▶ _The data_
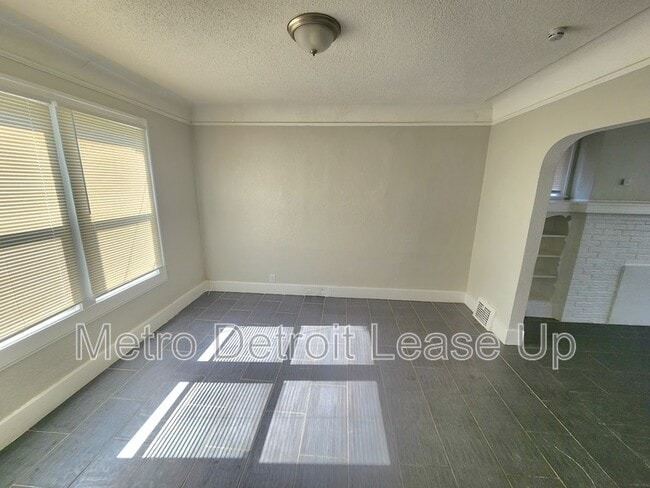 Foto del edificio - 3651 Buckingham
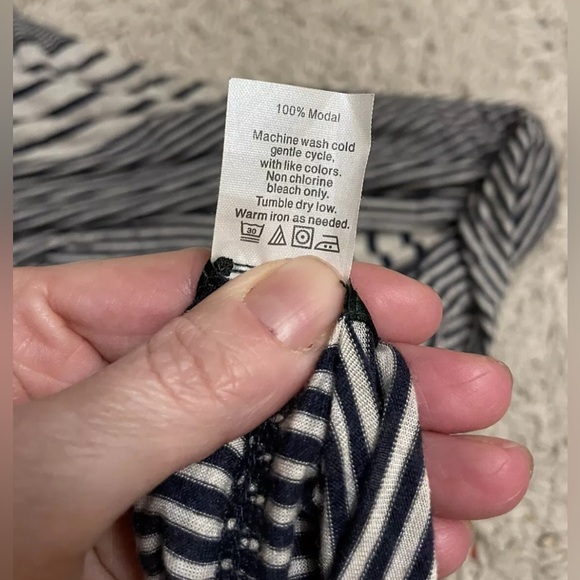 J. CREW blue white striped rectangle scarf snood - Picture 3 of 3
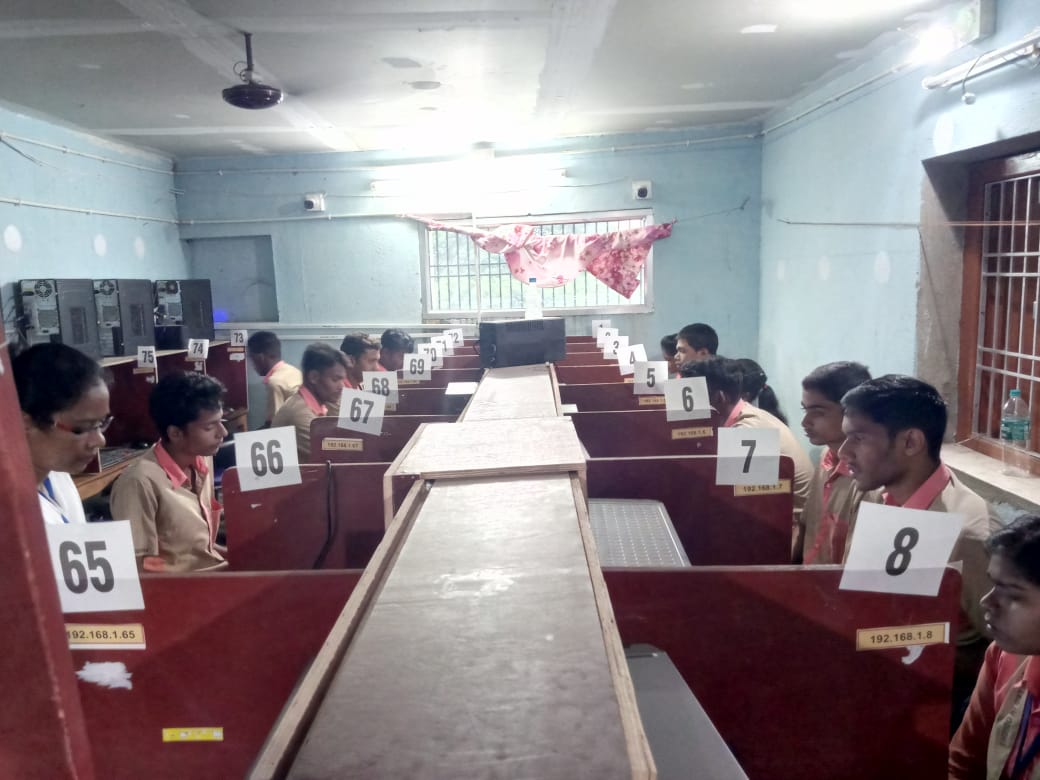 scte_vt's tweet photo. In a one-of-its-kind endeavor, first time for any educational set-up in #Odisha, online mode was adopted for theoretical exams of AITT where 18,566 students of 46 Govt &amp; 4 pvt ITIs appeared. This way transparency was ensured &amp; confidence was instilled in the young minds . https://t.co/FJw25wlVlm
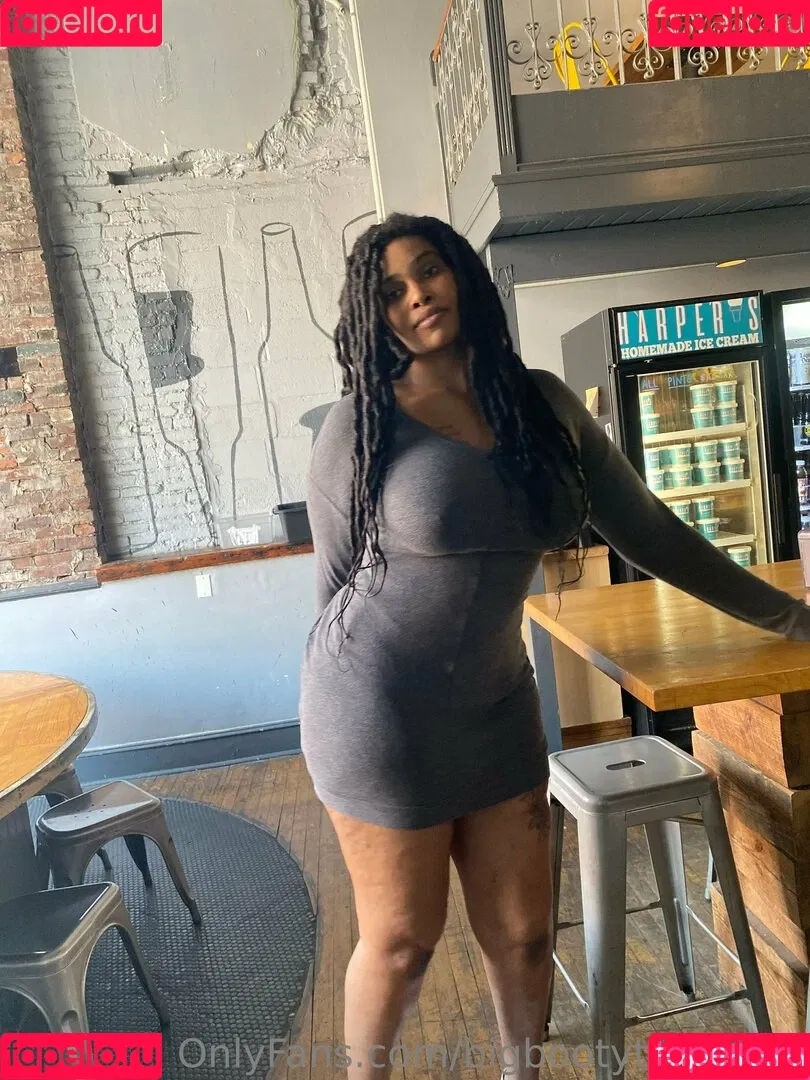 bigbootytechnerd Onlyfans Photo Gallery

▶ _Exercise objective_
Each line of the data above must be repeated exactly, images excluded.

▶ _Solved exercise_
 Foto del edificio - 3651 Buckingham
 J. CREW blue white striped rectangle scarf snood - Picture 3 of 3
 scte_vt's tweet photo. In a one-of-its-kind endeavor, first time for any educational set-up in #Odisha, online mode was adopted for theoretical exams of AITT where 18,566 students of 46 Govt &amp; 4 pvt ITIs appeared. This way transparency was ensured &amp; confidence was instilled in the young minds . https://t.co/FJw25wlVlm
 bigbootytechnerd Onlyfans Photo Gallery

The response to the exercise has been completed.